All of the boats managed to emerge unscathed from the doldrums, which, as the images sent from the media men show, will surely have shaken up the boats and the sailors. The four trimarans of the Ultim Class 32/23 are now enjoying a welcome respite, sailing on a long beam reach down the coast of Brazil. The only boat yet to reach the coast is Actual Leader, who at 4pm today was located around 200 miles off the north east of Brazil. With a south-easterly wind of around 10-15 knots, speeds this morning were fast, but with trade winds weakening in the afternoon, the leading trimarans, Maxi Edmond de Rothschild and MACIF, also began to slow down, with both boats making pitstops in Salvador de Bahia and Rio de Janeiro respectively.
The Maxi Edmond de Rothschild needs repairs to its daggerboard, which got damaged after colliding with an unidentified floating object. They’ll make the pitstop at Salvador, where they’re expected to arrive early tomorrow morning, with Cyril Dardahsti, General Manager of the Gitana team, supervising all the way from Lorient. “The technical team arrived last night at Salvador,” he explains. “Today, they need to prepare all the equipment so that when the boat arrives, the repair work can take place as quickly as possible. Of course, it’s not ideal to make a pitstop and it’s difficult for Franck and Charles, who have put in a lot of effort from the start to build the lead they now have over the rest of the fleet. That said, this stop is essential to get the boat back to sailing at its full potential.”
The pitstop for MACIF is equally important: their central hull rudder was damaged off Cape Verde, as François Gabart explained to media man Jérémie Eloy: "We were sailing relatively fast, at around 35-40 knots, when we hit something pretty hard. There was a sudden loud crash, as we violently hit an unidentified floating object, causing the central hull rudder to break. Located at the back of the central hull, this rudder is used to steer the boat. Luckily, we have three in total on our Ultim trimarans, so we still have the two float rudders as backups. Going straight, we continue to sail fast, but there are times when the boat becomes difficult to manoeuvre, and we come close to veering off track, a little like what I experienced last year in the Route du Rhum after we lost a float rudder.”
François Gabart and Gwénolé Gahinet, in consultation with the MACIF team, therefore made the decision to stop, and chose to carry out the repairs in Rio where they are due to arrive on Wednesday. "Given the good progress we’ve made and the logistics around this repair, the port at Rio seemed to us the best compromise. A small team will leave for Rio today. The spare rudder was provided by Banque Populaire," the MACIF team announced early Monday afternoon.

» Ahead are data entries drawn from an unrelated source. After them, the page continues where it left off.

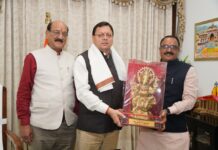 मुख्यमंत्री धामी से मध्य प्रदेश के कैबिनेट मंत्री राकेश शुक्ला ने की भेंट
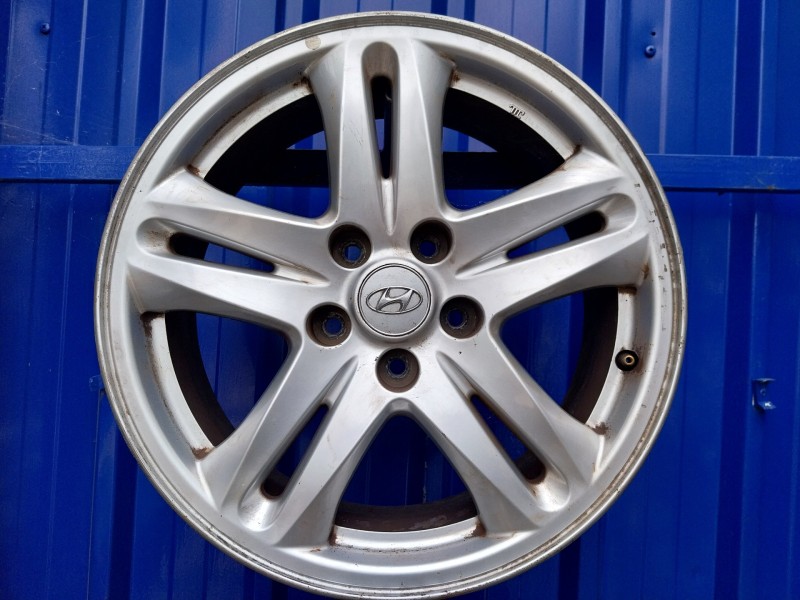 Recambio de llanta para hyundai santa fe (bm) 2.2 crdi style 4x4 referencia OEM IAM 52910-2B370  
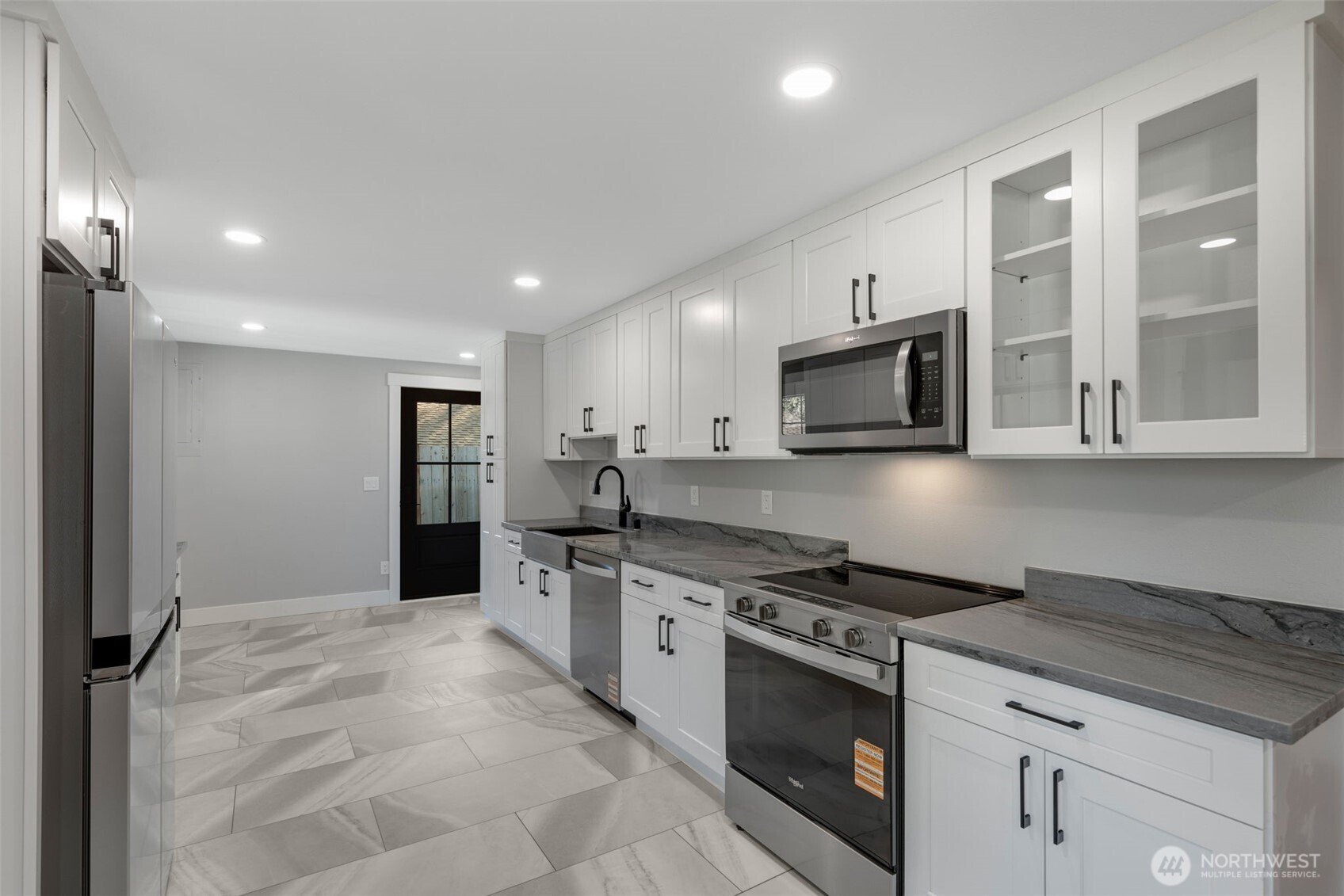 655 Union Ave NE, Renton, WA 98059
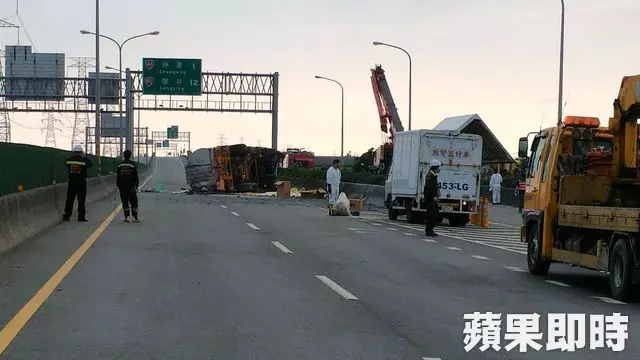 化學車翻覆毒氣外洩!駕駛命危 西濱線西段封閉逾5小時 | 蘋果日報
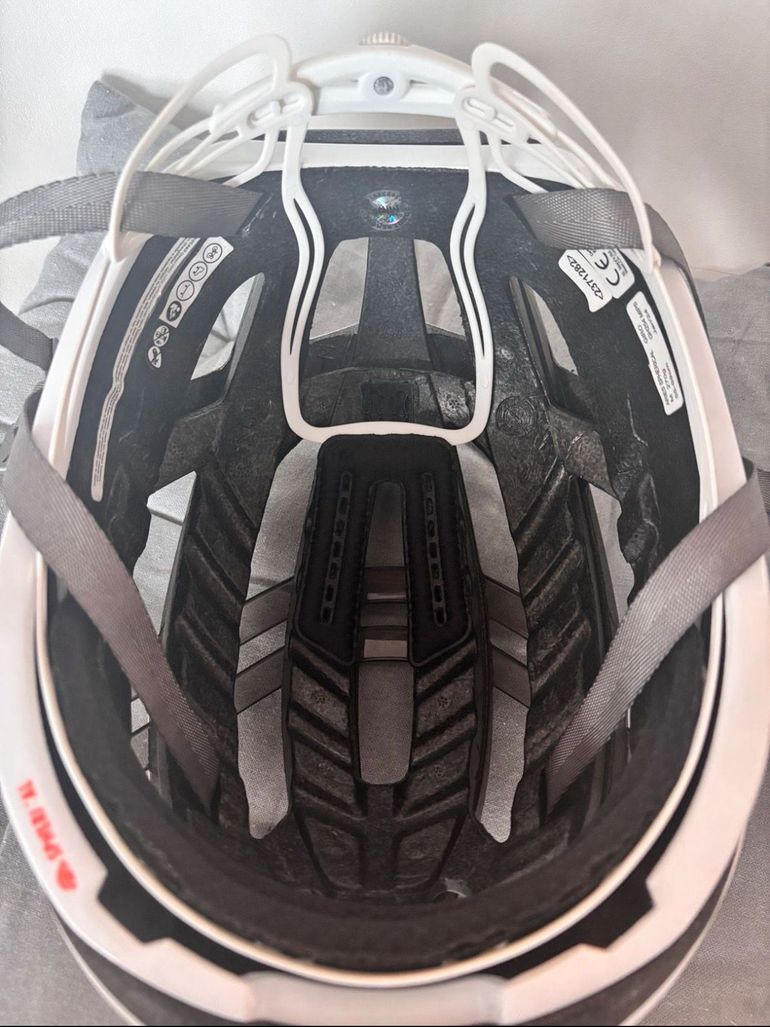 Used Giro Aries Spherical Helmet 2024 bike — image 11 of 11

In this case, one boat’s loss is another boat’s gain. These two pitstops will inevitably benefit Sodebo Ultim 3 and Actual Leader, who are looking likely to pass Maxi Edmond de Rothschild and MACIF, despite the weather conditions looking unfavourable for going at high speeds, says Christian Dumard, weather consultant for Brest Atlantiques: "We can already see that the trade winds are looking shifty, and will continue to be fairly weak and erratic as far as Rio. That said, when they arrive in Rio - probably on Wednesday afternoon for the leaders of the fleet – there will be a strong easterly wind. This means that once they’ve sailed round the Cagarras Islands, they will then face strong winds going upwind. The conditions will not be easy, everyone must start thinking about their strategy and how to manoeuvre their boats.”